Şiddetin tanımının yapılması ve fiziksel şiddetten farklı şiddet türlerinin dahil edilmesi:
4320 sayılı kanunda şiddetin tanımı beli değildir. 6284 sayılı kanunda şiddet, “Kişiye, fiziksel, cinsel, psikolojik veya ekonomik açıdan zarar veren, fiziksel, cinsel, psikolojik, sözlü veya ekonomik her türlü tutum ve davranış” olarak tanımlanmıştır."
Önleyici ve koruyucu tedbirlerin dahil edilmesi ve zorlama hapsinin getirilmesi:
Bu yasaile delil ve belge aranmadan gerekli önlemlerin derhal alınabilmesi mümkün olmuş, mülki amir ve hakim tarafından koruyucu tedbirlerin verilebilmesi sağlanmıştır. Tedbir kararına aykırılık durumları için zorlama hapsi getirilmiştir.
Şiddetle mücadelede kurumsal yaklaşım:
Şiddet önleme ve izleme merkezlerinin (ŞÖNİM) kurulması ve uygulamaların takibi hedeflenmiştir.
Kanun kadına yönelik şiddete ilişkin iki ana tedbir kararı öngörmektedir: Koruyucu tedbir kararları ve önleyici tedbir kararları.

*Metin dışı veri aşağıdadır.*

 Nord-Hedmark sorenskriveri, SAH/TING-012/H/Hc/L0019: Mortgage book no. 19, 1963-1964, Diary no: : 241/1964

Koruyucu tedbirler arasında aşağıdakiler yer almaktadır
Polis, savcılık ve valilik tarafından alınabilecek koruyucu tedbirler
Şiddete uğrayan veya uğrama tehlikesi bulunan kadına;
- (ve beraberindeki çocuklara) uygun barınma yerinin (bkz. sığınak) sağlanması,
- geçici maddi yardım yapılması,
- psikolojik, mesleki, hukuki ve sosyal bakımdan rehberlik ve danışmanlık hizmeti verilmesi ve
- kreş imkânı sağlanması.
Hakim tarafından alınabilecek koruyucu tedbirler
Şiddete uğrayan veya uğrama tehlikesi bulunan kadının;
- iş yerinin değiştirilmesi,
- (evli olması halinde) müşterek yerleşim yerinden ayrı yerleşim yeri belirlenmesi,
- kadına şiddet uygulayan kişiyle evli olması halinde tapu kütüğüne aile konutu şerhi konulması,
- Tanık Koruma Kanunu22 Aralık 2018 tarihinde Wayback Machine sitesinde arşivlendi. hükümlerine göre kimlik ve ilgili diğer bilgi ve belgelerinin değiştirilmesi.

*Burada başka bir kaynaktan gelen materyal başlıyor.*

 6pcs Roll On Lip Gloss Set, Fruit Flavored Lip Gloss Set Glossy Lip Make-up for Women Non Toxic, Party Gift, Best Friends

Önleyici tedbirler arasında aşağıdakiler yer almaktadır
Şiddet uygulayan kişinin;
- şiddet tehdidi, hakaret, aşağılama veya küçük düşürmeyi içeren söz ve davranışlarda bulunmaması,
- müşterek konuttan veya bulunduğu yerden derhâl uzaklaştırılması ve müşterek konutun korunan kişiye tahsis edilmesi,
- korunan kişilere, bu kişilerin bulundukları konuta, okula ve işyerine yaklaşmaması,
- hakkında çocuklarla ilgili daha önce verilmiş bir kişisel ilişki kurma kararı varsa, kişisel ilişkinin refakatçi eşliğinde yapılması, kişisel ilişkinin sınırlanması ya da tümüyle kaldırılması,
- korunan kişinin, şiddete uğramamış olsa bile yakınlarına, tanıklarına ve kişisel ilişki kurulmasına ilişkin hâller saklı kalmak üzere çocuklarına yaklaşmaması,
- korunan kişinin şahsi eşyalarına ve ev eşyalarına zarar vermemesi,
- korunan kişiyi iletişim araçlarıyla veya sair surette rahatsız etmemesi,
- bulundurulması veya taşınmasına kanunen izin verilen silahlarını kolluğa teslim etmesi,
- silah taşıması zorunlu olan bir kamu görevi ifa etse bile bu görevi nedeniyle zimmetinde bulunan silahı kurumuna teslim etmesi,
- korunan kişilerin bulundukları yerlerde alkol ya da uyuşturucu veya uyarıcı madde kullanmaması ya da bu maddelerin etkisinde iken korunan kişilere ve bunların bulundukları yerlere yaklaşmaması, bağımlılığının olması hâlinde, hastaneye yatmak dâhil, muayene ve tedavisinin sağlanması,
- bir sağlık kuruluşuna muayene veya tedavi için başvurması ve tedavisinin sağlanması,
- çocuklarıyla ilgili velayet, kayyım, nafaka ve kişisel ilişki kurulmasına dair karar verilmesi,
- korunan kişi ve çocukları için tedbir nafakasına hükmedilmesi.